**Work required:** Take the lines below beginning at the line that has "LABRIMP Soffiatore Portatile" and stopping after the line that has "Scrikss Graph-X Mekanik", and print them exactly as they are, with no other lines.

**Data for review:**
+--

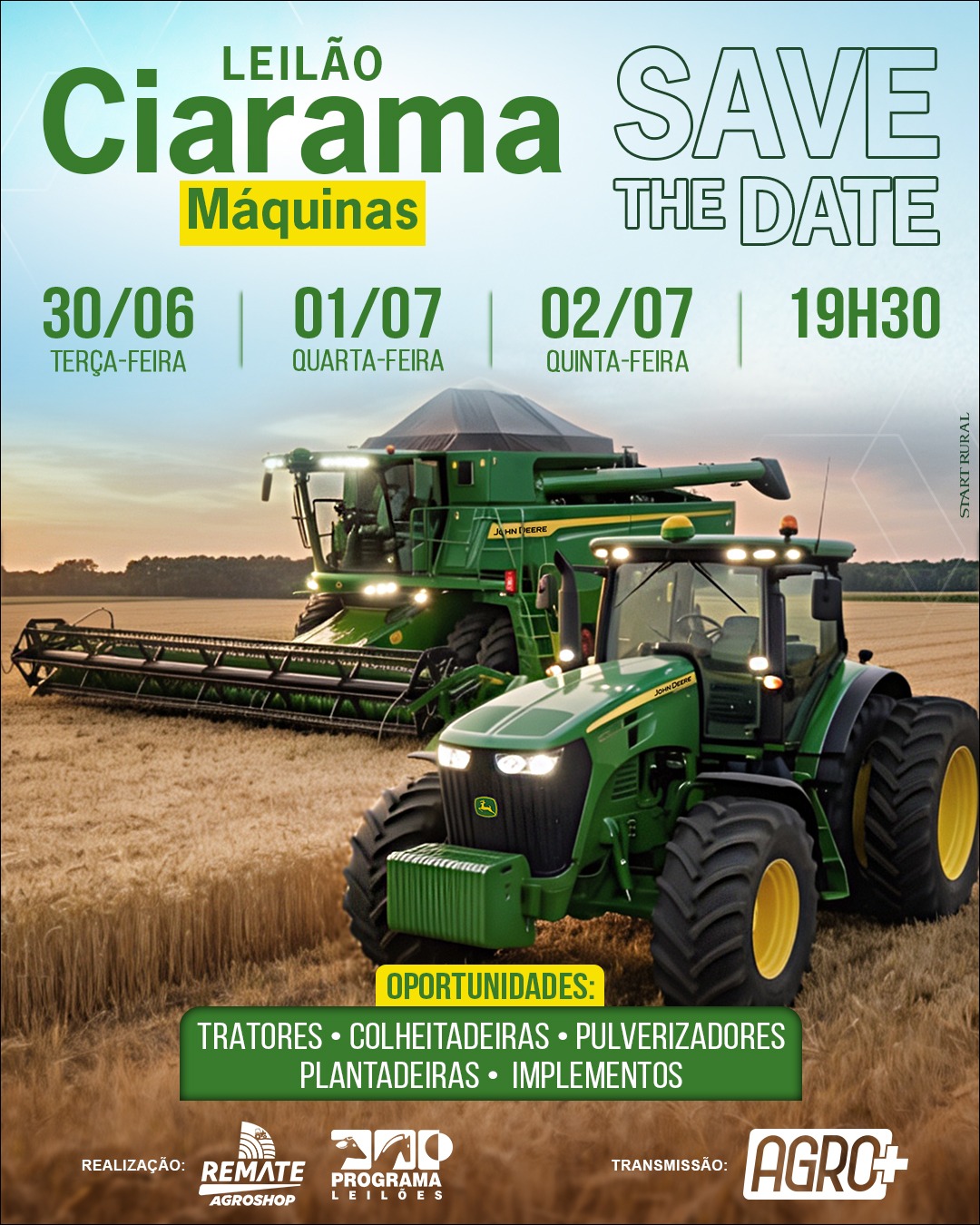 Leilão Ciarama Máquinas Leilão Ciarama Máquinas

+--

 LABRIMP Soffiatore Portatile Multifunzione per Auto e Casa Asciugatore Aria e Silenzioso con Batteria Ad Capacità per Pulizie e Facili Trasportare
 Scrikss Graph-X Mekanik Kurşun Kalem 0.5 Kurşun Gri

+--

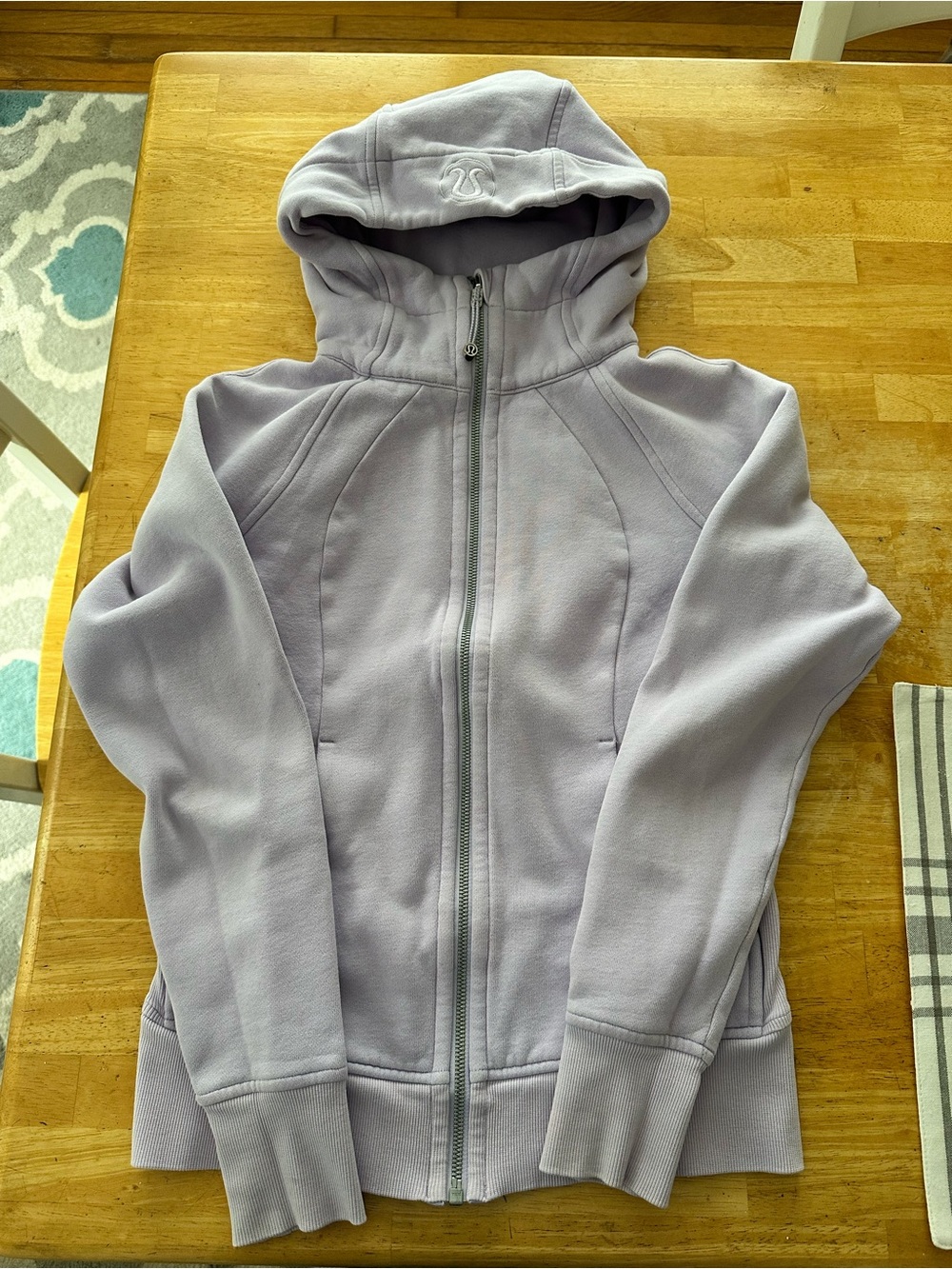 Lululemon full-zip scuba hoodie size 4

+--

**Task output:**
 LABRIMP Soffiatore Portatile Multifunzione per Auto e Casa Asciugatore Aria e Silenzioso con Batteria Ad Capacità per Pulizie e Facili Trasportare
 Scrikss Graph-X Mekanik Kurşun Kalem 0.5 Kurşun Gri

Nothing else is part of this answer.